I posted that earlier message when I wasn't doing so hot, and so it kinda rambled and sounded desperate. Now, after I left the house and took a run, I feel much better, and I may have uncovered the core of my anxiety as it started 2.5 years ago. Hopefully I'm right!
Anyway, I don't know if you can relate or not, but I have three qualities that affect each other negatively:
1. I'm very ambitious. I want to make the most of my time by doing cool things, working hard, and going places. This means I feel like I should be working hard often, and I love the feeling when I accomplish things and move forward. However, I'm not a very smart or efficient worker, and it sometimes it either takes me longer to do things. I also sometimes do things not because I want to or because it will help me, but simply because it feels like I'm moving forward (even though in reality, I'm really just stressing and wasting my time).

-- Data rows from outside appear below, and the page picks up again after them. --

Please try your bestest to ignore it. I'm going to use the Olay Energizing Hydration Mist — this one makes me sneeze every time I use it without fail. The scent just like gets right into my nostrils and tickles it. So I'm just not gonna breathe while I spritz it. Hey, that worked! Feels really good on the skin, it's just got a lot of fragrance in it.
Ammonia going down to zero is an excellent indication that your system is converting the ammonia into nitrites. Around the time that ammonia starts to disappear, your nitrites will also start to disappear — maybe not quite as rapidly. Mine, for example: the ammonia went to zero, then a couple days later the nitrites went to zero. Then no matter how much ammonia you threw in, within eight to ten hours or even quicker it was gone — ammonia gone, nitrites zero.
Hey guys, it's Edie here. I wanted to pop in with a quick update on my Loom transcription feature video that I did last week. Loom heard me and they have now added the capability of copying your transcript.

However, this spirit has caused me problems for a lot of my life, because even though I like moving forward and working hard, I have two other qualities that makes this hard and stressing.

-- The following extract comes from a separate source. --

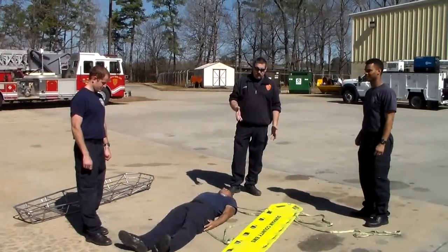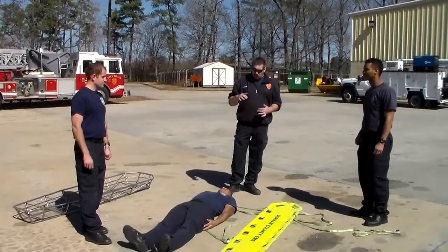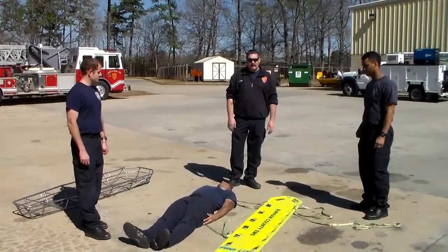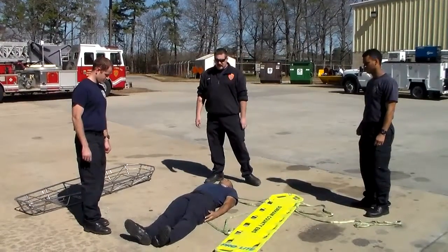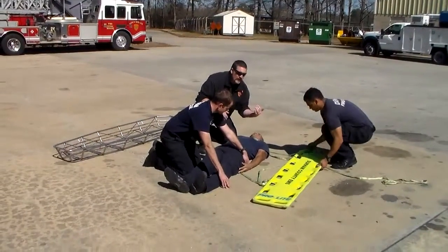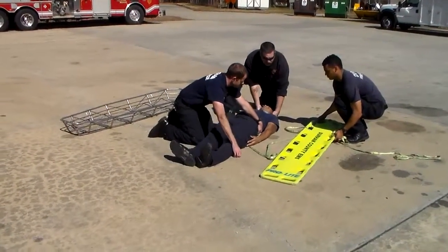Hello everyone. Again, we're talking about internal lashing on a backboard. All we're going to do is show you full speed what it would look like if we're on a call. Jonathan is our patient, myself and Dave — Jeremy is going to be the one who's going to grab our basket and toss it. I'm going to sit here and hold Jonathan's c-spine like we would.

2. I have TERRIBLE time management skills. Looking back, I played a lot of video games as a kid, and I realize it's probably because they allowed me to relax and not think about time. What this means is that I also have big problems prioritizing my time. I LOVED the games, and I found it hard to pull myself away from them, even though I also had to spend time doing homework, being ambitious, being with friends, being with family, etc. This means I was sometimes HOURS late to my girlfriends house, or to hang out with friends, because I couldn't pry myself away from games. This made me feel guilty and upset. Finally, I'm also bad at decision making because of the above two difficulties.
Over the past two years, I've largely broken my game addiction, and I'm really proud of that fact. It was relaxing because, even though I loved them (and still do occasionally), I now had more time for other things. It was just REALLY hard to control them.
3. I'm happiest with I'm hanging out with people and just chilling.
Between these three natural qualities, I've had trouble making them all work together, and I think that's what's led to my anxiety/panic/depression. In high school, I used to research things for HOURS, trying to figure out if I liked them or not. Even though I had a lot of work, I had time to research (or so I thought), and I had the support of a loving household, parents that could help me at every turn, close friends, etc., so I kept that behavior up for years. However, in doing so, I made myself nervous because I was RATIONALLY thinking if I liked the things or not, rather than using my natural instincts, because I was already in an anxious state. I couldn't tell if I really liked them or not because I over-thought about them. I always wanted to find my "passion" this way, yet now I understand that passions come to you without your logical thought. Like love, they just happen and make sense. I have trouble doing this because I'm so used to my other, counterproductive behavior.
During my freshman year of college, I didn't have this problem because, though I worked really hard, I didn't care about not seeing my friends much. I just figured it was the sacrifice I had to make. However, the next year, it started to bother me how my friends (and, seemingly, everyone else around me) had much more time to relax, while I was working my butt off and didn't have any time to see them or to relax. I also felt more of a time crunch, because I knew college/youth doesn't last forever, and I want to make the most of it. But how to do so?
Now, I figure I've had this intense, unrelenting anxiety/depression for the past 2.5 years because I want to work hard, while also spending time with my friends, while also exploring new interests, while also practicing skills (guitar), while also wanting to game, while also making sure I do the "right things for the future," while also staying fit, etc. The second-to-last point makes me the most anxious, because I never know if what I'm doing is what I should be doing to ensure that I have a good future (a lot of "what-ifs" there). I never know if, at any current moment, I'm using my time "well" or if I could be using it better. That distresses me a lot.
It seems like my friends can do this effortlessly, and they don't get anxious about it, and I envy that. I figure if I get a time management coach, I can work with them to talk about time, prioritization, and how to personally best manage my time, and it'll hopefully get rid of my anxiety and what-ifs cause I know I'l be doing all I can to ensure a positive future.
I know it's a little long, but thanks for listening. It helps a lot :)
Does anyone feel the same way? I'd love to hear your story too!